Types of Radiant Heat Systems - Open, Closed and Indirect
  A "closed" radiant heating system is most often refers to a situation where your heat source is dedicated solely to the task of heating water for the radiant heating system. The term "closed" refers to the fact that the water in the radiant heat system re circulates continuously from the heat source through the tubing or radiators and back to the heater again. See page seven for an example of a closed "radiant heating only" system equipment design
   An "
open" system refers to a situation where the heat source - typically a water heater - provides hot water both for domestic use and to the radiant heating system.
  When there is a call for heat, water is drawn out of the water heat tank, it circulates through the heating system, and then returns back to the water heater. That same water mixes with the water in the tank which is also the direct source of the domestic hot water. So, when a faucet is turned on, water that has been through the heating system is furnished for showers, dishwashers, etc.
   This is a very efficient system because one heat source is doing all the work. As long as the water heater is sized appropriately and matches your heating and domestic needs, the need for a "separate" heating system is eliminated. An open system using a tank type heater such as the "Phoenix" is the most efficient and simplest radiant system you can use and can be ordered with an internal solar coil. See page nine for an example of an "open" radiant heating system using a tank type heater. The heater could be an instant water heater also. See page ten for an example of an "open" radiant heating system using an instant water heater.

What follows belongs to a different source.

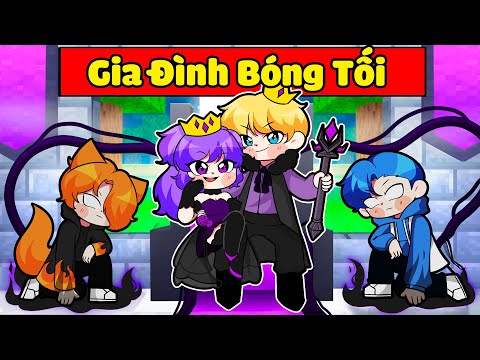 NABEE BẤT NGỜ TRỞ THÀNH GIA ĐÌNH BÓNG TỐI CÙNG HOÀNG TỬ TÔ GÀ TRONG MINECRAFT 👑🌚👸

While the Universal Plumbing Code does allow for open systems, if the manufacturer approves it.
                                             But some local building inspectors do not

  Before deciding on to a particular type of system, you should understand what is allowed in you area.
  An "
indirect " radiant heating system allows you to separate your domestic/potable water from the water in your heating system and still use a single heat source. By pacing a heat exchanger between the water heater and the radiant heat system, separating the heating system water from the potable water. See page eight for an example of an "open" radiant heating system using a tank type heater. See page eleven for an example of an "open" radiant heating system using an instant water heater.
  An indirect radiant heating system sends the water directly into the heating system from the water heater, a pump pushes water from the tank through the heat exchanger which has series of plates inside. At the same time, the water in radiant system is being circulated on the other side of these same plates in the heat exchanger. Heat from the water heater is transferred through the plates to the heating system water. Hence, the heating system water is heated "indirectly" from the water heater. Indirect systems are "
closed" systems.
   The heater you choose must have the Btu input capacity to heat both home and hot water at the same time. 

  I have been designing and installing radiant systems for over thirty years, although I resisted designing open system for many years. I no longer believe there are any health concerns with properly designed open systems.
  Any equipment we specify for an open system is approved by the manufacturer, their product liability insurance and all Universal National Plumbing Codes.
  We always include plumbing and equipment designs for both open and closed systems with every radiant heating design we do, the choice is yours.